Two dynamic drivers (2 in 1), and 7 balanced armature drivers ((2 in 1 + 2 in 1) + 1 + (2 in 1)), four-way crossover (taken from DM8 – 8 BA model) for dividing the sound into four different channels, but 3 sound tubes that we see in the nozzle (in DM8 we have 4 sound tubes for each separated channel). Verdict: BGVP may have forgotten to connect treble channel output at the nozzle. 🙂
I know, they did not, they combined all the balanced armature drivers that serve for midrange into one. “Hey, what’s all this fuzz?” you may ask. I just wanted to express my feelings when I first listened to BGVP NS9. I had high hopes for this one, 7BA remember? They decided to tune NS9 this way, “The ns9 is suitable for basshead so if you are looking for boomy and exciting bass, do give it a try !!” quote from their Facebook page.

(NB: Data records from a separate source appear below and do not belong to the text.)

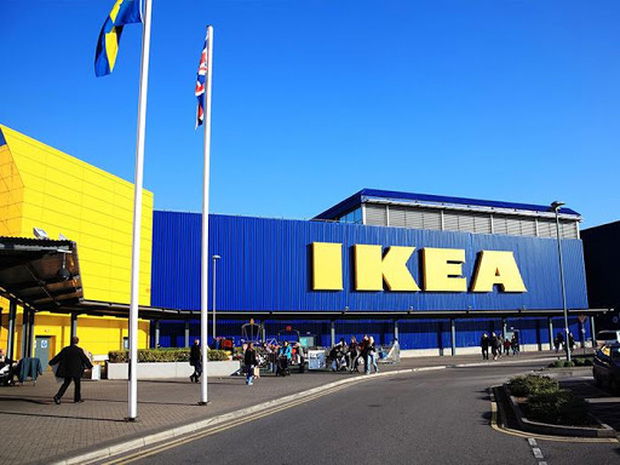 Cách quảng cáo táo bạo của IKEA: Bảo khách hàng… đi tiểu lên tờ quảng cáo của mình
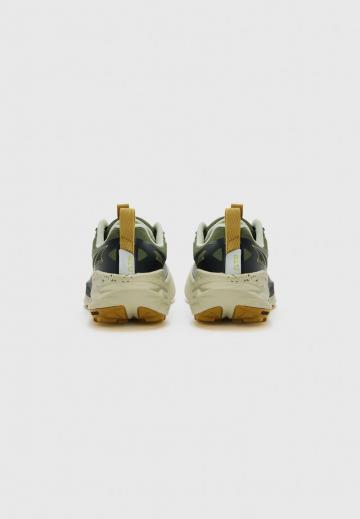 Беговые кроссовки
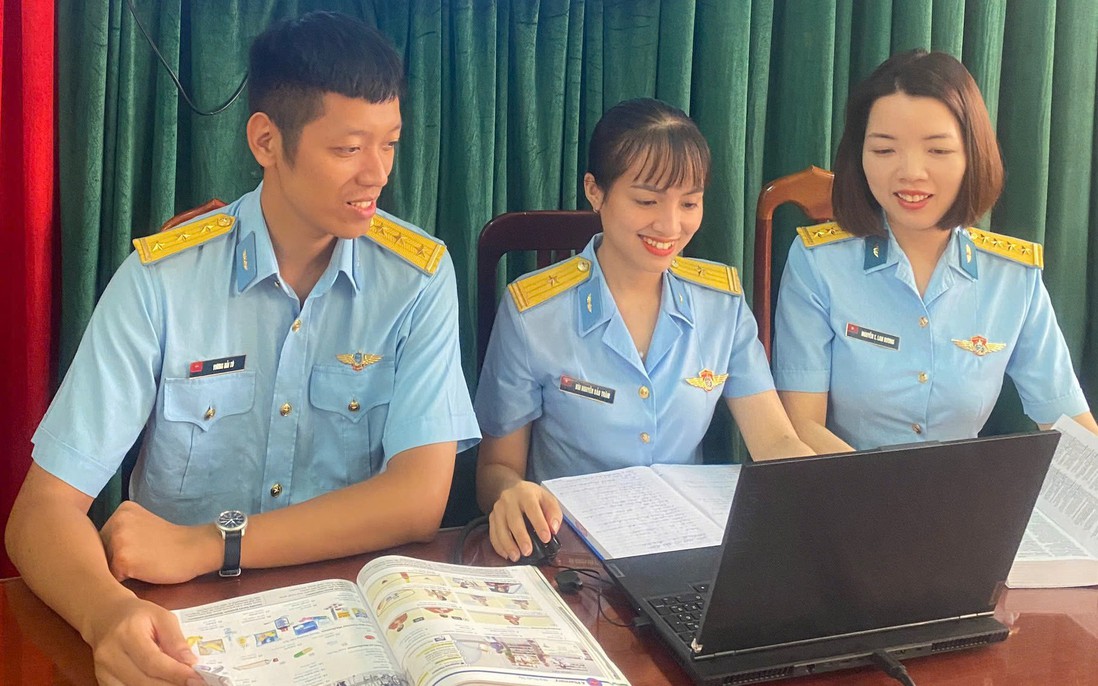 Nữ trung tá với những sáng kiến "chắp cánh" tri thức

Drivers: Sonion E50DT (2 in 1)+ 1 Knowles RAF-32873 + 2 (2 in 1) Sonion FDK-60718 + liquid silicone coaxial dual dynamic driver
Shell: five-axis CNC acoustic cavity + 3D printed inner structure
Frequency response range: 10Hz – 40kHz
Impedance: 20 ohms
Impedance is low, sensitivity is high, so we can say NS9 is a mildly sensitive IEM. It can be powered from a regular headphone jack of your phone, or laptop but better pair with a good DAC for maximum sound quality. The gear I used is Khadas Tone2 Pro 4.4mm balanced out, connected to my PC streaming from Tidal both HIFI and MQA.
BGVP NS9 seems like the follower of their earlier models DMS series which had 1DD+6BA driver configuration in an alimuniım metal shell. Comes in a fairly classic box signed by BGVP, 3 sets of vocal tips, 3 sets of balanced tips, 1 pair of foam tips, 1 pair of wide-bore tip which is plugged on the IEM, same kind of case which is strong and big enough to store the earphones.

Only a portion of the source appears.